LANSING, Mich. — State Sen. Rick Outman on Thursday voted in favor of legislation that includes more than $3 billion to repair public water systems and critical dams and protect Michigan’s environment and natural resources.
“This is a major investment in our state’s future,” said Outman, R-Six Lakes, who chairs the Senate Committee on Environmental Quality. “The bill uses existing state and federal resources to help with repairs or upgrades in communities all over the state. If signed by the governor, the bill will be a major step forward for public health and safety.”
Senate Bill 565 would use $2.37 billion in federal funding, $680 million in state resources and $290 million in repurposed state bond funds to improve or repair the state’s aging dams, upgrade wastewater systems and groundwater protection efforts and help ensure residents have access to clean drinking water.
Included in the legislation is $1 billion to replace lead pipes throughout the state; $700 million to upgrade local drinking water and wastewater facilities; $100 million in grants to remove PFAS chemicals from “orphaned” sites and $85 million that will help ensure students have access to clean drinking water at school.

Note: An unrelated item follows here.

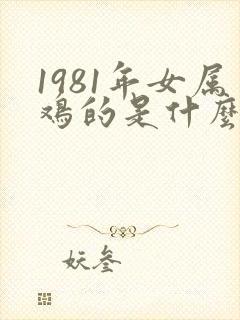 1981年女属鸡的是什么命运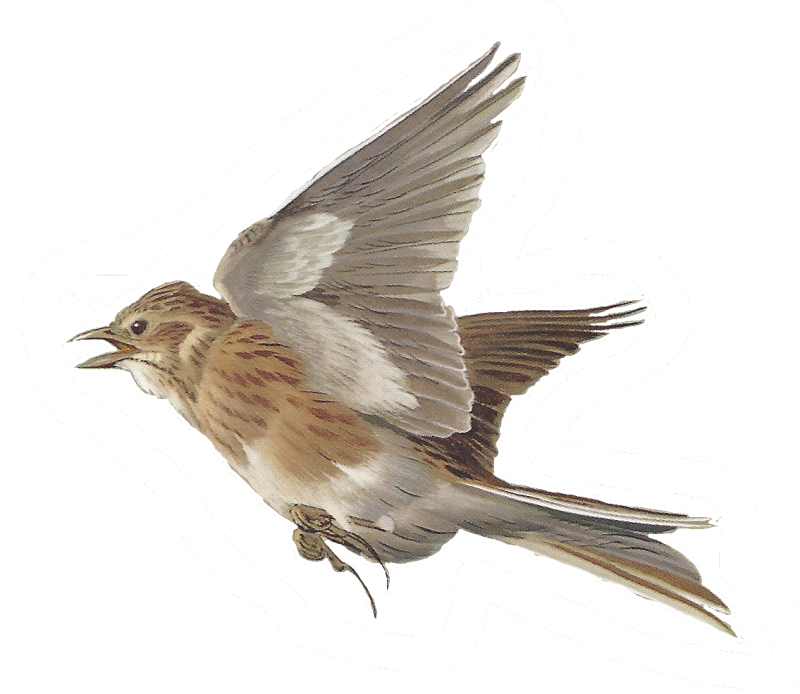 Жаворонок на прозрачном фоне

The plan would repurpose $290 million in bonds to assist communities with upgrading and replacing water treatment infrastructure; establish a loan program for homeowners to replace failing septic systems; and dedicate money for private well users, including grants to help connect to a community water system or increase the depth of their well if their water was contaminated or their well failed after a disaster. Also included is funding to conduct surface water monitoring and implement recommendations included in the Groundwater Use Advisory Council Report
SB 565 would also designate $680 million for improvements to the dams across the state. Funds are outlined for projects prioritizing dam risk reduction, emergency response efforts from the state and for a grant program dedicated to dam rehabilitation or removal.
“Ensuring folks have clean drinking water and being good stewards of the environment is something I think we’re all trying to accomplish. It’s not a one side or the other issue,” Outman said. “Utilizing these funds rather than raising taxes will get us to the same finish line without dumping the burden on people who are already stretched thin.
“Addressing these issues and making the needed repairs or upgrades now could save a lot of money down the road as we work toward a cleaner, safer Michigan.”
SB 565 now goes to the House of Representatives for consideration.